Overdwars: Wie in Hongkong een graf wil, moet veel geld hebben
Hongkong
In Hongkong is het ‘onderbrengen’ van de doden een even groot – of misschien nog wel groter – probleem dan het huisvesten van de levenden. De schaarste aan beschikbare grond heeft niet alleen de woonkosten naar ongekende hoogte gestuwd, maar ook de kosten voor het begraven van overledenen. Een graf op een openbare dodenakker is weliswaar goedkoper dan op een privébegraafplaats, maar permanente graven zijn daar nauwelijks meer te krijgen.
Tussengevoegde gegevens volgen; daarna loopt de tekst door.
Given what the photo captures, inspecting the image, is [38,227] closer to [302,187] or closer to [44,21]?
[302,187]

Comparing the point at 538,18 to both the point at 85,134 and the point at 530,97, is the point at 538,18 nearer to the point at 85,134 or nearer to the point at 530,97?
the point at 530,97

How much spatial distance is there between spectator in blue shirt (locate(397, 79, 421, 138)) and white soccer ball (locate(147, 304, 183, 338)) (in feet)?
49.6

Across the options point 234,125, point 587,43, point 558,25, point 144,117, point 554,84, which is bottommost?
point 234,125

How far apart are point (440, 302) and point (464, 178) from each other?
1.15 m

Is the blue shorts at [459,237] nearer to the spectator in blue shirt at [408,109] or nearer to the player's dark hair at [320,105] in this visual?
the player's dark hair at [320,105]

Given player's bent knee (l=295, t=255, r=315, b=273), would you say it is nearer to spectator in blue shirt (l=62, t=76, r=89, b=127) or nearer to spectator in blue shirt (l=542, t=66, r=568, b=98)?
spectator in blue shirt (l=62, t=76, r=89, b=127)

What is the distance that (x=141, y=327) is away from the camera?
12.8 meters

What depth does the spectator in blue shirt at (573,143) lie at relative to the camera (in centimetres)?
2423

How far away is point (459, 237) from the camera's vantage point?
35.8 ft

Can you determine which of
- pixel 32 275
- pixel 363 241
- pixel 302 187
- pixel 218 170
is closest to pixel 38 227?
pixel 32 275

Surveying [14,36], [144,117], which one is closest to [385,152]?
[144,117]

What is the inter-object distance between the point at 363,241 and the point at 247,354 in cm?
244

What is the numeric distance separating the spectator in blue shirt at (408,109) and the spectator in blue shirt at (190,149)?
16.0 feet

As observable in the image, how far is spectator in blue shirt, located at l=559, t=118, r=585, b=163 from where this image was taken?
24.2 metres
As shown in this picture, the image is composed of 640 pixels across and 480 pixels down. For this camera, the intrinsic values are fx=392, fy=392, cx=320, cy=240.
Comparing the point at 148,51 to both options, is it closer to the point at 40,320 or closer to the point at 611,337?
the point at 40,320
Er zijn alleen nog graven beschikbaar die na zes jaar geruimd worden, waarna de lichamen worden gecremeerd.
Het is dan ook niet verwonderlijk dat veel Hongkongers ervoor kiezen hun overleden geliefden dan maar meteen te cremeren. Alleen levert dat een nieuw probleem op: wat moet er met de as gebeuren? In de Chinese cultuur is respect voor overleden voorouders heel belangrijk, en dat geldt ook voor hun as. Die kan worden bewaard in een columbarium, een complex met nissen voor urnen met as. Er zijn echter te weinig columbaria, waardoor de wachttijden lang zijn. De as thuis bewaren totdat er een nis vrijkomt, doen de Hongkongers niet graag. Dat is in strijd met de traditie. Bovendien geloven veel mensen dat het spoken kan aantrekken, wanneer doden en levenden niet gescheiden worden.
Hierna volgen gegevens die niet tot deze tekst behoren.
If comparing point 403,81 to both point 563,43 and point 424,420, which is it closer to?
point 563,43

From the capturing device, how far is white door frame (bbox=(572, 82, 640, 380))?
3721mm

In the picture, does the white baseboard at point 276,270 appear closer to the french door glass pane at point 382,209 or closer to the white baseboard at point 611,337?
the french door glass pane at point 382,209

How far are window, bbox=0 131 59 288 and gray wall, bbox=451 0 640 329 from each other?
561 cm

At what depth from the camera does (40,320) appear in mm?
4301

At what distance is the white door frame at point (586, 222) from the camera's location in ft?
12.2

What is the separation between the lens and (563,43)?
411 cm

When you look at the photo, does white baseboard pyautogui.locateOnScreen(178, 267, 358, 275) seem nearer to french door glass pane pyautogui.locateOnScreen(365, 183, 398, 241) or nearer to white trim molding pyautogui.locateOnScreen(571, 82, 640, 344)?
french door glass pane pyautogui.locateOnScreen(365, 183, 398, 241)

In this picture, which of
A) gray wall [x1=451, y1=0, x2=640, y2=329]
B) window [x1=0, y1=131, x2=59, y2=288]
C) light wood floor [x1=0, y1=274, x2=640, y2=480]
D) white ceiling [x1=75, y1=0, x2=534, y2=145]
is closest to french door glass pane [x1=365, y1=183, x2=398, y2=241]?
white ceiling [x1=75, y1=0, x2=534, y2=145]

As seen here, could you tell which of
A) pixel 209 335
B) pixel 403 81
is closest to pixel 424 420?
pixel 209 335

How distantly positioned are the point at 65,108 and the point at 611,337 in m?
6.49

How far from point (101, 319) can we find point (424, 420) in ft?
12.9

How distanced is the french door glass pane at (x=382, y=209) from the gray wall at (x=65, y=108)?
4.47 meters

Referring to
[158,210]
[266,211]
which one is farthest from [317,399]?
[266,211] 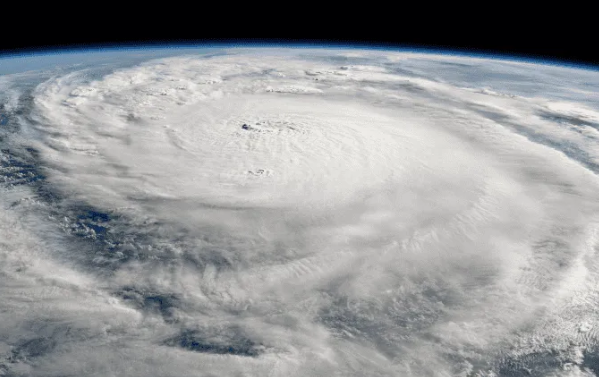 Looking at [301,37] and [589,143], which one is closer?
[589,143]

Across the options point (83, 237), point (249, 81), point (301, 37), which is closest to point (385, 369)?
point (83, 237)

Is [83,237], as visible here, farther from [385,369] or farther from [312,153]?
[312,153]

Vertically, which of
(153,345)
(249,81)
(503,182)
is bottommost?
(153,345)

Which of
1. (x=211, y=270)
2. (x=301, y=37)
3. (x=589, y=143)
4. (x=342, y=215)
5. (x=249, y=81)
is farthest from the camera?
(x=249, y=81)

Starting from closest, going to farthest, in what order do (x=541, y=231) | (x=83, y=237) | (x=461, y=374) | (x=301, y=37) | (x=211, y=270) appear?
1. (x=461, y=374)
2. (x=211, y=270)
3. (x=83, y=237)
4. (x=541, y=231)
5. (x=301, y=37)

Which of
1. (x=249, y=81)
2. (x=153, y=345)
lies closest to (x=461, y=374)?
(x=153, y=345)

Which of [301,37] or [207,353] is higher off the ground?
[301,37] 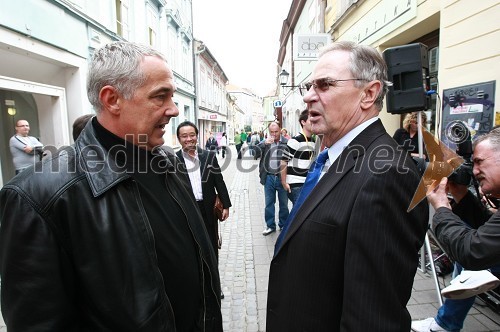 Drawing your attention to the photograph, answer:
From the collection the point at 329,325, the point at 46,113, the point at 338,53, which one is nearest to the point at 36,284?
the point at 329,325

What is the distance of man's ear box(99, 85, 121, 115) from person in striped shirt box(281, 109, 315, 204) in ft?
11.8

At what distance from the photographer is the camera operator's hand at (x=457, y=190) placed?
2.40 m

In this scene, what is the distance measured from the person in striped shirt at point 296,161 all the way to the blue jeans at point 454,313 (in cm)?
247

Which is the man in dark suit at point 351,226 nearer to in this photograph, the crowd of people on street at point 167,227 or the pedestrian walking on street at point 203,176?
the crowd of people on street at point 167,227

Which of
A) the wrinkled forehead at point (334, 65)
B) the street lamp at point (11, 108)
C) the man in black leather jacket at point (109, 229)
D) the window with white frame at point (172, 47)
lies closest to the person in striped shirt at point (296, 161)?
the wrinkled forehead at point (334, 65)

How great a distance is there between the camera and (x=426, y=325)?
9.24ft

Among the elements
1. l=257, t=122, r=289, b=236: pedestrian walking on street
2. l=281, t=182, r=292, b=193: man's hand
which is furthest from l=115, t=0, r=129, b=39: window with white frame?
l=281, t=182, r=292, b=193: man's hand

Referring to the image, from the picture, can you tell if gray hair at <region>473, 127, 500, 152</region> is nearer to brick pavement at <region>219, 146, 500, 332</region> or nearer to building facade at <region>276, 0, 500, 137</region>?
building facade at <region>276, 0, 500, 137</region>

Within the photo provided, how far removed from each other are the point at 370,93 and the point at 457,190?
155 centimetres

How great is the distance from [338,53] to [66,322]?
158 cm

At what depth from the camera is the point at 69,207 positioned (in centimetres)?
111

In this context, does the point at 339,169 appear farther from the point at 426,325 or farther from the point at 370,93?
the point at 426,325

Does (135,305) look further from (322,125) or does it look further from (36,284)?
(322,125)

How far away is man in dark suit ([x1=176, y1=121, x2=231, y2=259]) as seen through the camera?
143 inches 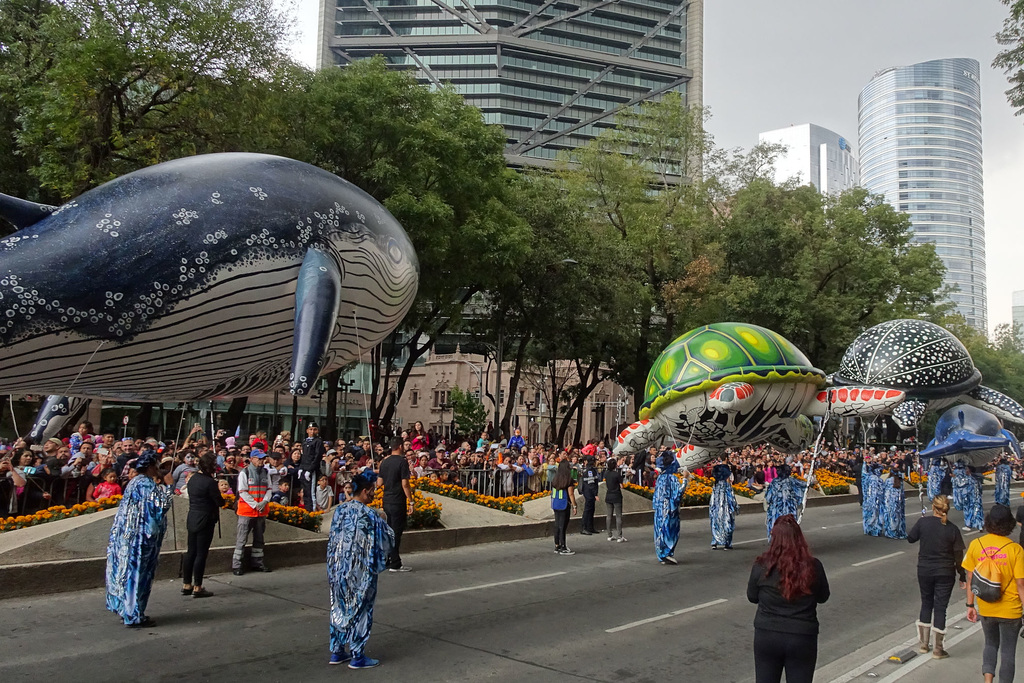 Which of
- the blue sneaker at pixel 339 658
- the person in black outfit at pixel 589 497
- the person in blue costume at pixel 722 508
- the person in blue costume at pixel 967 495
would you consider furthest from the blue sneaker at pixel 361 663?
the person in blue costume at pixel 967 495

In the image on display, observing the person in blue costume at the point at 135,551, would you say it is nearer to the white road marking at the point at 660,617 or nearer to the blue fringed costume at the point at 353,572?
the blue fringed costume at the point at 353,572

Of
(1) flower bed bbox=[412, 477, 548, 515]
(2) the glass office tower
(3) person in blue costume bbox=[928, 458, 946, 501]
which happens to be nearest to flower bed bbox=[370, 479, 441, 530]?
(1) flower bed bbox=[412, 477, 548, 515]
De overheid promoot inmiddels ‘groene begrafenissen’, waarbij de as na crematie verstrooid wordt in ‘herdenkingstuinen’. Sommige van deze tuinen hebben muren waarop plaquettes zijn aangebracht ter herinnering aan de overledenen. Rijkere Hongkongers kunnen de as ook vanuit een vliegtuig laten uitstrooien boven de zee. Het uitstrooien van de as is echter niet populair.
Uiteindelijk zien tal van Hongkongers zich uit financiële overwegingen toch genoodzaakt de as thuis te bewaren.